Separate models were used in each experiment to examine percent correct looking, looking time, and speech perception. In the localization-only task, the fixed effects were age (in years), acoustic condition (favorable, typical, and poor), audiovisual cues (auditory-only or visually guided), and hearing group (NH, UHL, and MBHL). The auditory-only, favorable condition was coded as the reference in the localization-only task model. In the speech perception task, the fixed effects were age (in years), condition (auditory-only, visually guided, audiovisual, and single location baseline), and hearing group (NH, UHL, and MBHL) with the single-location baseline coded as the reference condition. For both models, hearing group was coded in contrast to the children with MBHL. Model assumptions were confirmed by examining the normality of the distribution of model residuals. Post-hoc tests for significant main effects with multiple comparisons were interpreted with p-values adjusted using the False Discovery Rate procedure to control for Type I error rate with multiple comparisons (50).
Results
Does acoustic environment impact the ability of children with MBHL, UHL, or NH to locate talkers in auditory-only vs. visually guided conditions and how does performance compare across groups?
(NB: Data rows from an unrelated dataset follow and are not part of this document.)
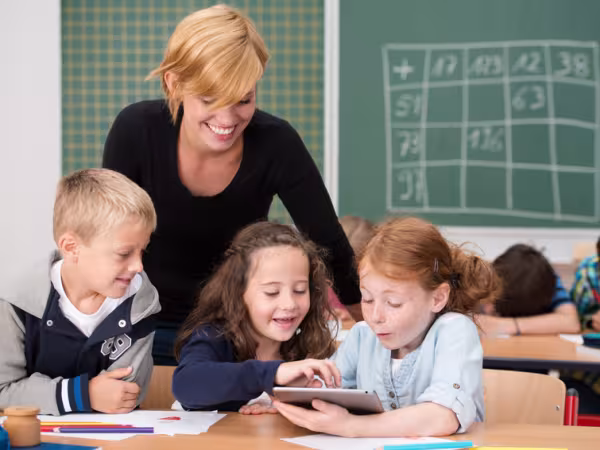 Zu sehen ist eine junge blonde Lehrerin, die an einen Gruppentisch mit drei kleinen Schulkindern steht. Sie beugt sich hinab zu dem Jungen und den beiden Mädchen, die gemeinsam an einem Tablett arbeiten. Im Hintergrund sind weitere Schulkinder und eine Tafel zu sehen. 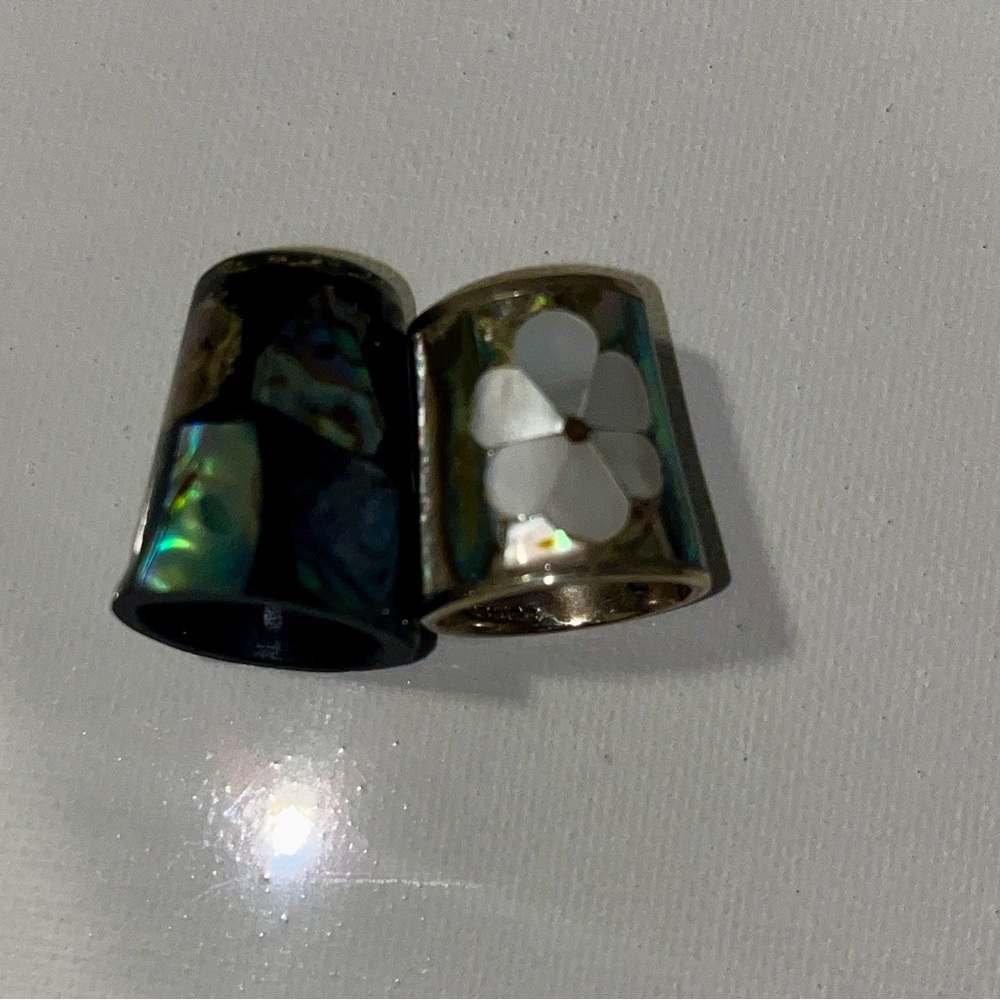Two beautiful thimbles. Mother of Pearl and Paua Shell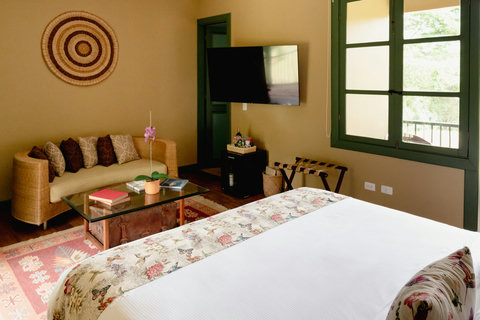 Bedroom - Step into tranquility with our sunlit sanctuary, where cozy warmth and elegant simplicity invite you to unwind. Experience the perfect blend of comfort and charm, complete with plush bedding and thoughtful touches for a restful retreat.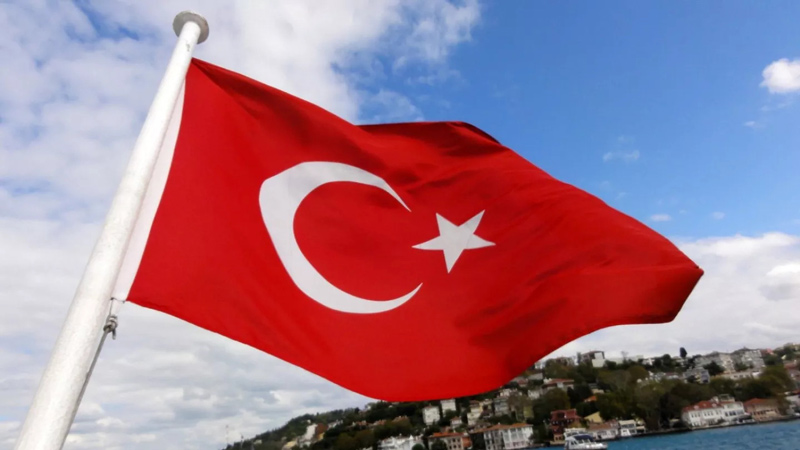Turkish flag with island background; Photo source: Euronews.com, photographer: unknown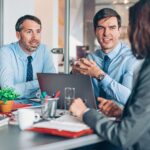 Multifamily property management team discussing automated workflows during a meeting, representing automation in multifamily property management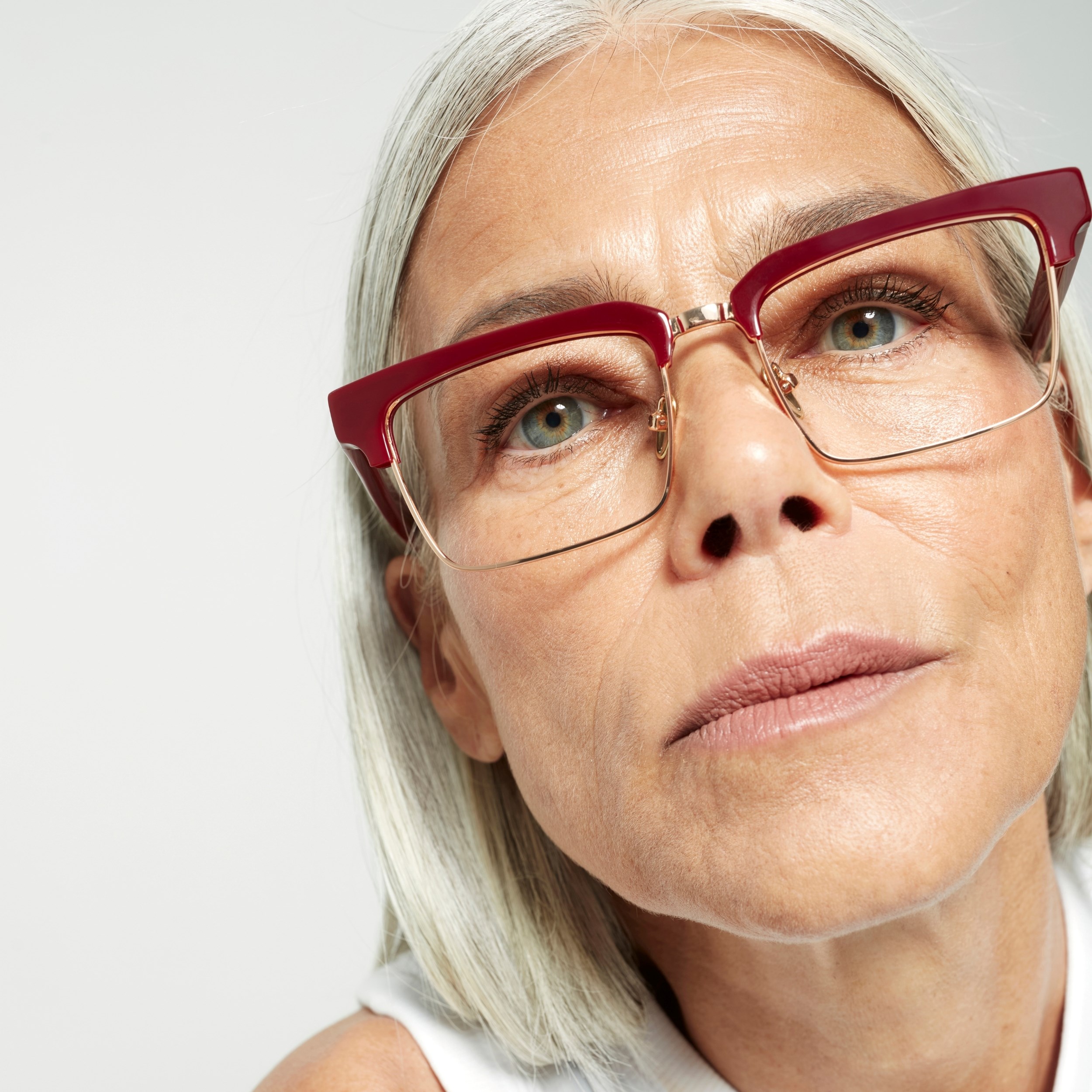 Photo of a man or woman wearing Paris Cream & Gold Reading Glasses by French Kiwis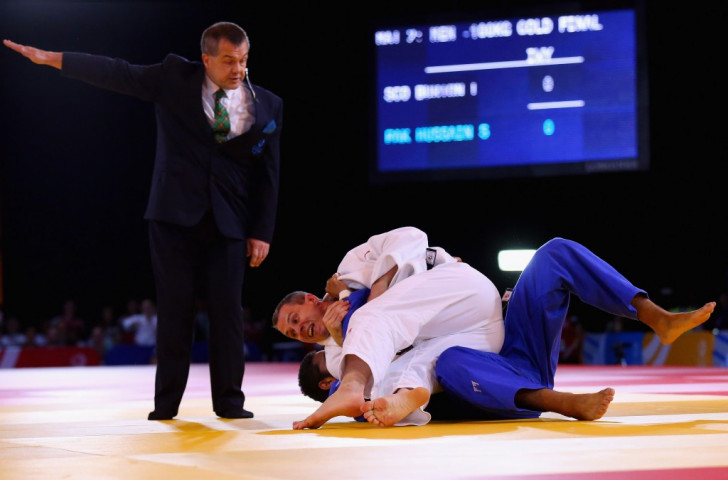 Euan Burton won gold in the 100kg category at Glasgow 2014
The initial analyses addressed percent correct looking by acoustic environment and auditory/visual cues for children with NH, UHL, or MBHL (Figure 2 and Table 2). Table 3 shows the statistics for the linear mixed effects model for percent correct looking. The main effects of acoustic environment and auditory/visual cues on percent correct looking were significant, but none of the differences between hearing groups or higher-order interactions were statistically significant. Post-hoc t-tests showed that percent correct looking in the poor acoustic environment was poorer than in the typical (Coefficient = −5.9, p < 0.001) and favorable (Coefficient = −6.8, p < 0.001) environments, but the difference between typical and favorable environments was not significant (Coefficient = −0.88, p = 0.58). Visually guided conditions had higher percent correct looking than auditory-only conditions (Coefficient = 5.3, p < 0.001). The condition by hearing group interaction was not significant (Coefficient = 0.72, p = 0.58).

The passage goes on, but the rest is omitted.